Según Martínez-Murcia, la producción semanal de kits para hacer PCR estimada por las empresas que los fabrican en España podría alcanzar los 750.000, y si es necesario se podría llegar a duplicar hasta 1,5 millones de PCR a la semana.

"Pero esta situación no se ha dado", matiza, y considera que hay multinacionales implantadas en los hospitales que si bien al principio de la pandemia podrían haber tenido una escasez de materia prima para fabricar los test, ahora se han estabilizado y ya pueden hacerlo. "No todo el consumo de producción es nacional, parece que predomina el de multinacionales", señala.

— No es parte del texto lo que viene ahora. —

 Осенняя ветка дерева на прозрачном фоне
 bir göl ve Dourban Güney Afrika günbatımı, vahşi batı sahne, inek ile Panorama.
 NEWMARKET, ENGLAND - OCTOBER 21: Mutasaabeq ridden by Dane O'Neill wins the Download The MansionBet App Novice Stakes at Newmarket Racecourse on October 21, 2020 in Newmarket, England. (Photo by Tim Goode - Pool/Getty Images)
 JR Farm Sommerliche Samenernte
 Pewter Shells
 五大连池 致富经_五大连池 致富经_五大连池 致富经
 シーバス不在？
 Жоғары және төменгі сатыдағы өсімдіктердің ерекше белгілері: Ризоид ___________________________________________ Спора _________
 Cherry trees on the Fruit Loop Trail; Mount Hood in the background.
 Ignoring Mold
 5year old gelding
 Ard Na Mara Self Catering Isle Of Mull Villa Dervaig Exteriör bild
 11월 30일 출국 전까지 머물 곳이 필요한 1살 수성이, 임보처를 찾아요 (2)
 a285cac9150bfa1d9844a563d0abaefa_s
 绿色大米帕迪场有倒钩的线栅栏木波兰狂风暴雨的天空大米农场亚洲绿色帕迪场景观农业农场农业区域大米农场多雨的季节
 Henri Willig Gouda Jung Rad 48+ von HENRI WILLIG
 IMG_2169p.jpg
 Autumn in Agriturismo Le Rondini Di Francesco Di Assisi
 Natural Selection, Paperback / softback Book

Genetic Analysis Strategies trabaja desde hace dos meses en un nuevo método de diagnóstico con el que tratan de desarrollar "una estratega distinta a la PCR para que el análisis de la información genética sea muy fácil y rápido y seamos capaces de llevarlo fuera del laboratorio", explica.

Según Martínez-Murcia, "en este momento, lo más interesante es buscar métodos genéticos fiables pero también fáciles, que permitan el uso extrahospitalario y fuera del laboratorio", e indica que aunque el prototipo aún no está concluido, su empresa tiene ya "resultados muy optimistas".

"Hemos tenido de momento resultados positivos, que apuntan a que seremos capaces de poder obtener un prototipo de análisis genético 'domesticado' en el plazo de un par de meses", afirma el director de la firma, que señala que cuando esté terminado debe ser validado con muestras reales y, para eso, precisarán de un socio clínico de referencia.

“Los pasos son los siguientes: conseguir un prototipo demostrable, validarlo con muestras clínicas y, si después es de interés, tenemos un plan para fabricarlo a gran escala”, concluye.